(Excerpts from a dataset)
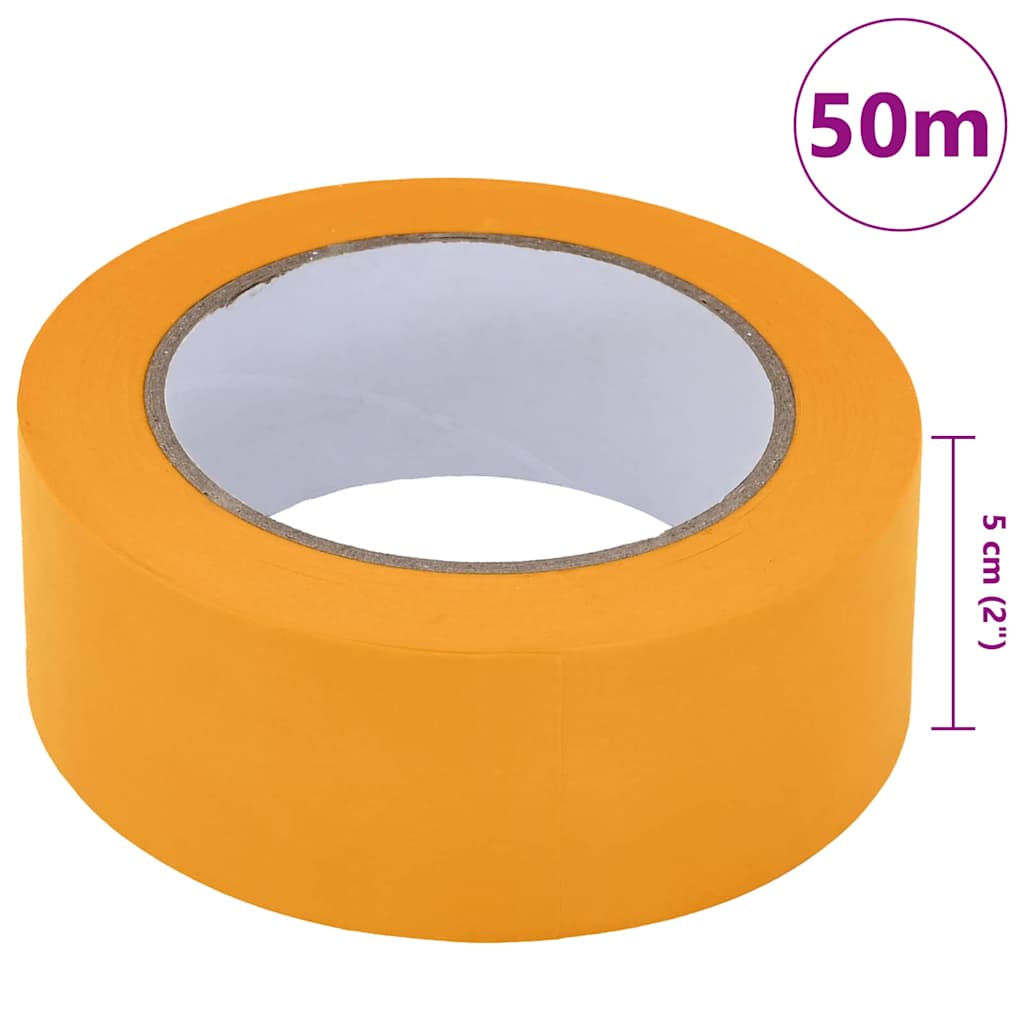 vidaXL Taśmy Maska Malarska 24 pcs Żółty 50mm x 50m Papier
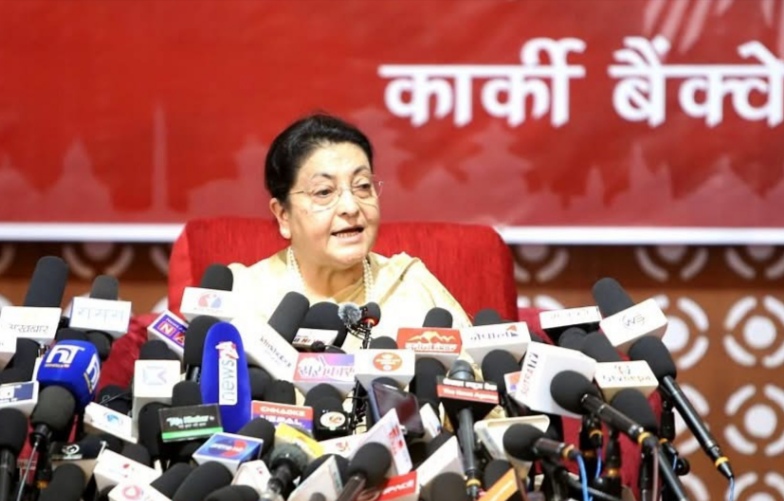 पुर्वराष्ट्रपति भण्डारीले पत्रकार सम्मेलनमा के भनिन् ? पुर्ण पाठ ..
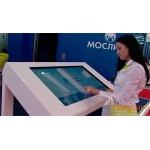 Комплексное оснащение интерактивными технологиями стенда компании МОСЛИФТ 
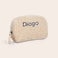 Nécessaire de pelúcia personalizada - Camel Nécessaire de pelúcia personalizada - Camel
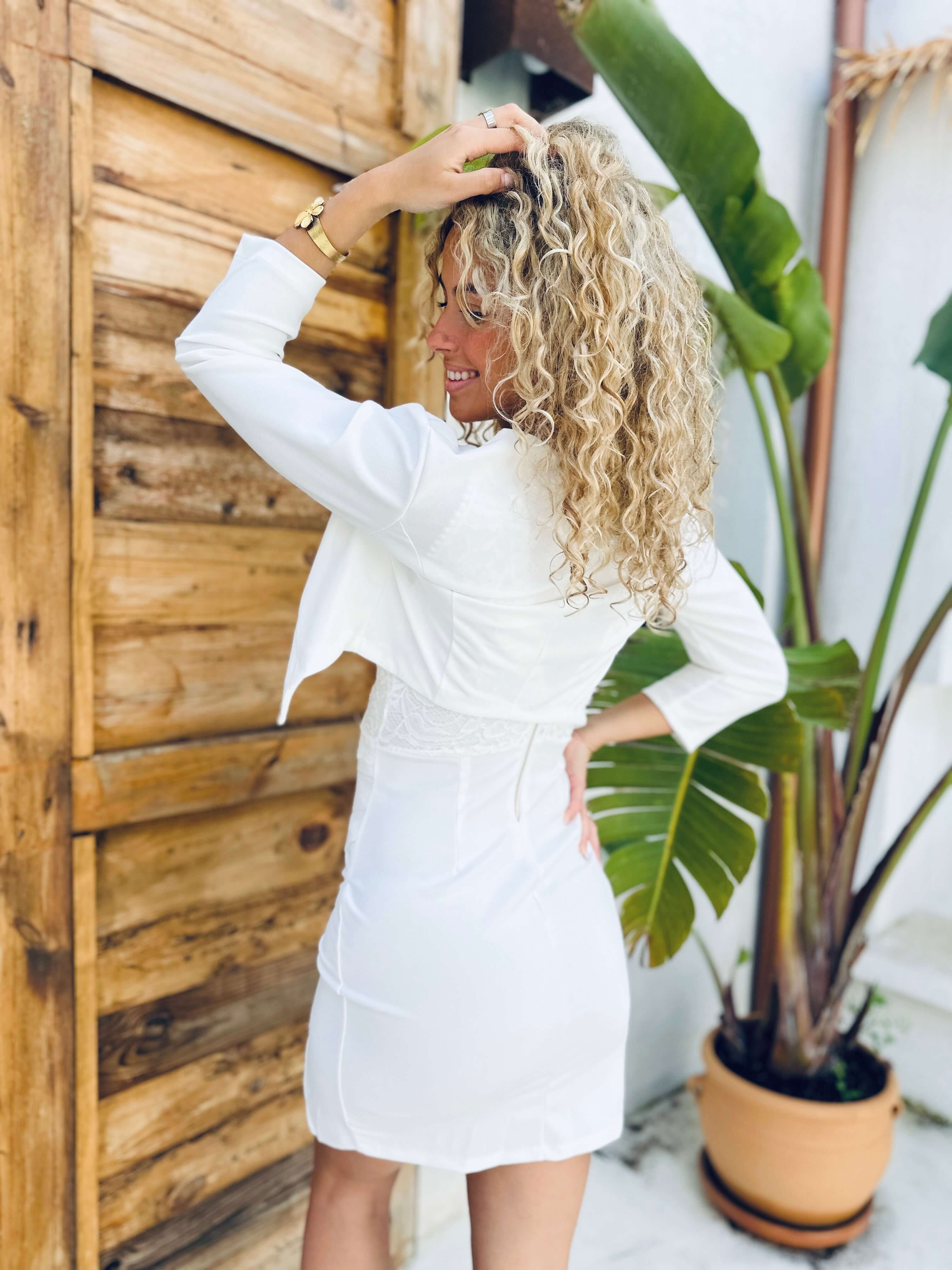 Veste blanche - ROSIE - Image 3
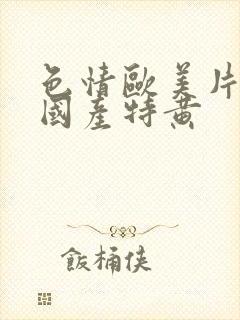 色情欧美片午夜国产特黄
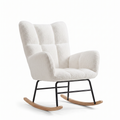 LANA - Fauteuil À Bascule Bouclette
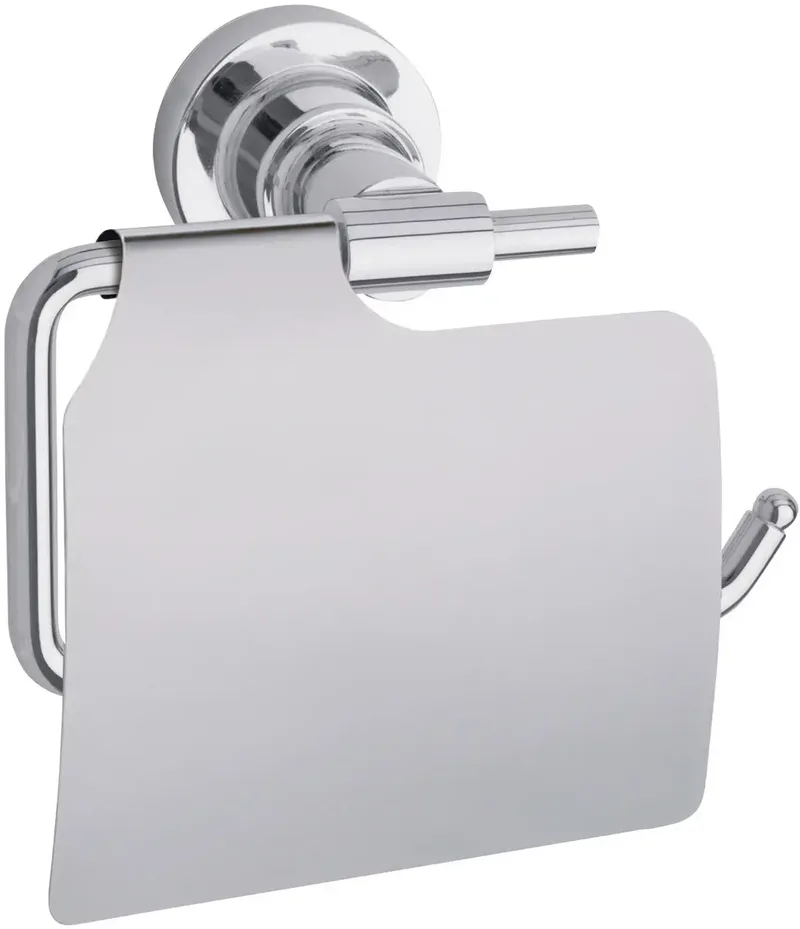 luup Toiletrolhouder Lijm Metaal by tesa in Chrome – product photo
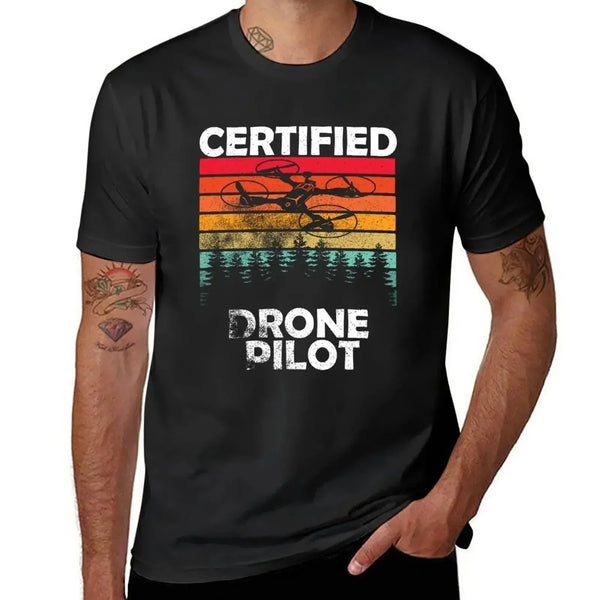 Certified Drone Pilot T-Shirt - MiamiTeenyWeenyBikini.Com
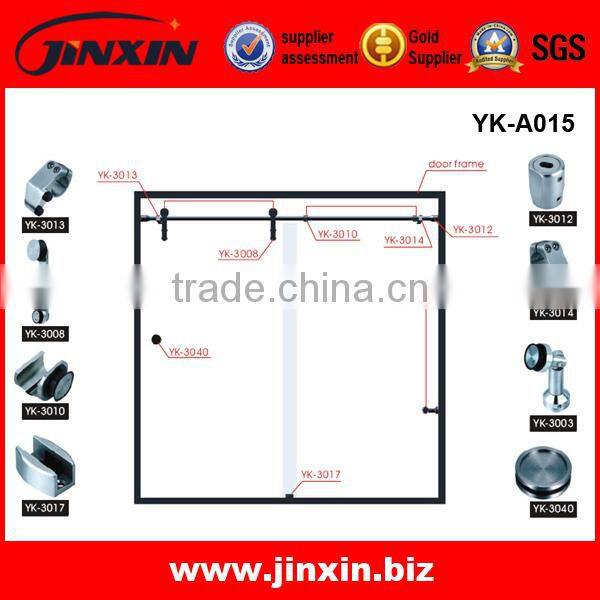 Simple Glass Sliding Door Bathroom Shower Cabin With Frameless Glass Hinges Bath Room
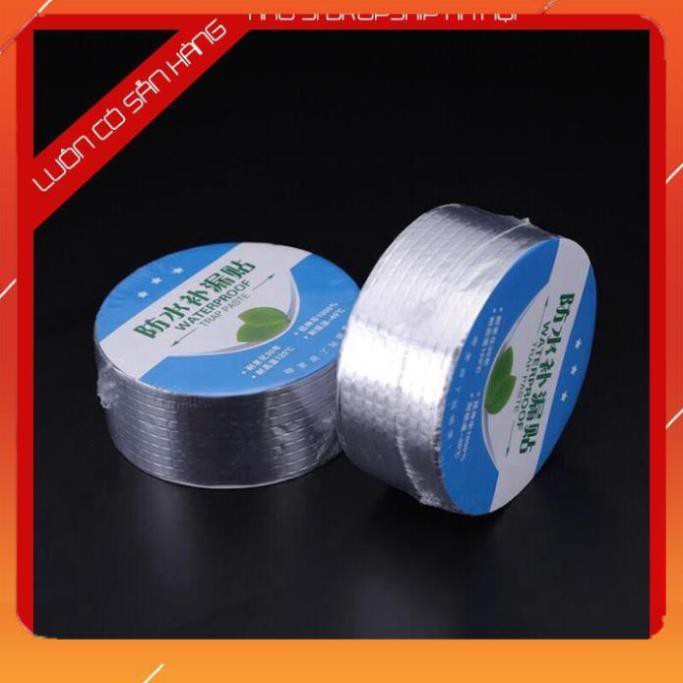Băng keo siêu dính chống thấm - Dán được mọi bề mặt , nhựa , gạch, tường , tôn ( cuộn 5m, bản 5cm) -sgmart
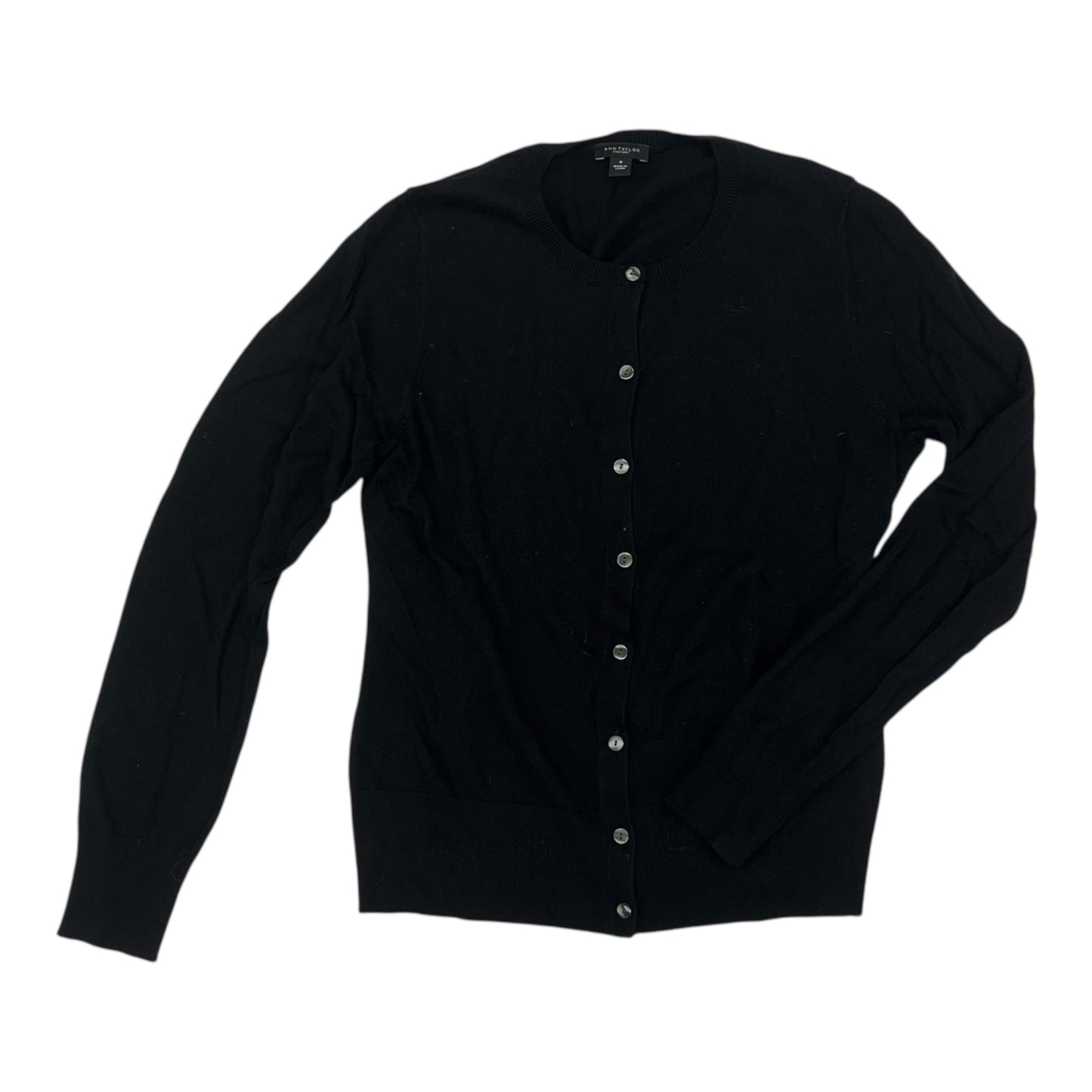 Cardigan By Ann Taylor In Black, Size:M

## WORK INSTRUCTIONS:
Repeat the records above verbatim. Include none of the pictures.

## RESULT FOR THIS EXERCISE:
 vidaXL Taśmy Maska Malarska 24 pcs Żółty 50mm x 50m Papier
 पुर्वराष्ट्रपति भण्डारीले पत्रकार सम्मेलनमा के भनिन् ? पुर्ण पाठ ..
 Комплексное оснащение интерактивными технологиями стенда компании МОСЛИФТ 
 Nécessaire de pelúcia personalizada - Camel Nécessaire de pelúcia personalizada - Camel
 Veste blanche - ROSIE - Image 3
 色情欧美片午夜国产特黄
 LANA - Fauteuil À Bascule Bouclette
 luup Toiletrolhouder Lijm Metaal by tesa in Chrome – product photo
 Certified Drone Pilot T-Shirt - MiamiTeenyWeenyBikini.Com
 Simple Glass Sliding Door Bathroom Shower Cabin With Frameless Glass Hinges Bath Room
Băng keo siêu dính chống thấm - Dán được mọi bề mặt , nhựa , gạch, tường , tôn ( cuộn 5m, bản 5cm) -sgmart
 Cardigan By Ann Taylor In Black, Size:M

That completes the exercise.